Task: Once you find the line containing "Hermès Kelly Sellier", set down exactly that line and every one after it through the end of the listing below, with both ends included and any pictures omitted.

Source data:
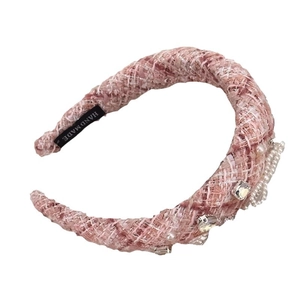 Serre-tête en tweed rose avec perles et strass, accessoire de cheveux élégant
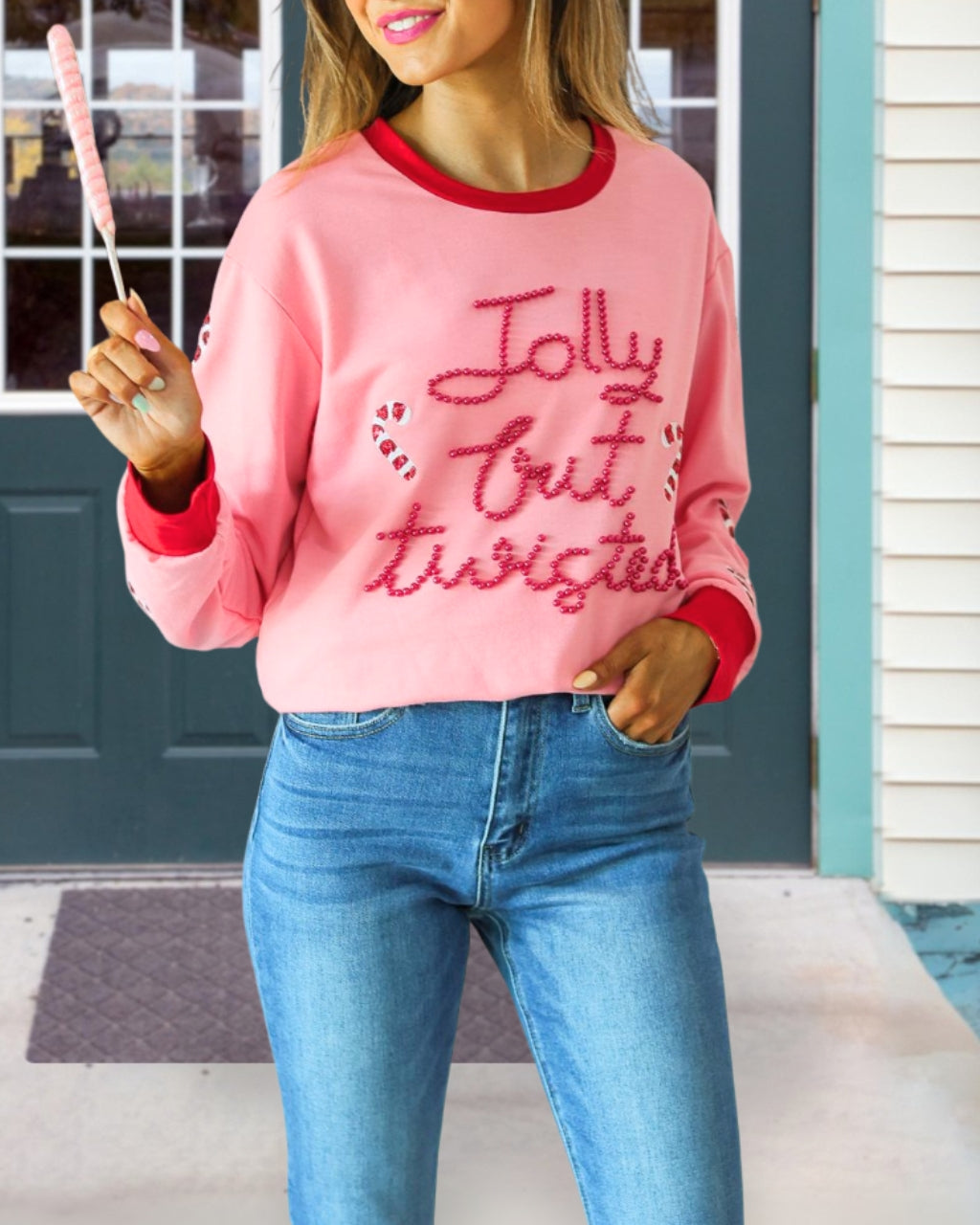 Playful Jolly But Twist Beaded Sweatshirt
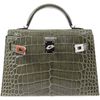 Hermès Kelly Sellier Mini II Gris Tourterelle Lisse Crocodile Alligator PHW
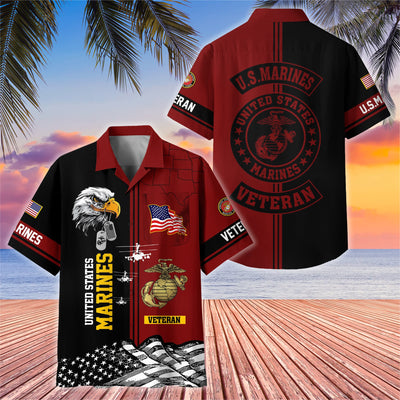 Premium US Veterans Hawaiian Shirt With Pocket, Gifts For US Veterans, Gifts On Independence Day, Veterans Day.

Written reply:
 Hermès Kelly Sellier Mini II Gris Tourterelle Lisse Crocodile Alligator PHW
 Premium US Veterans Hawaiian Shirt With Pocket, Gifts For US Veterans, Gifts On Independence Day, Veterans Day.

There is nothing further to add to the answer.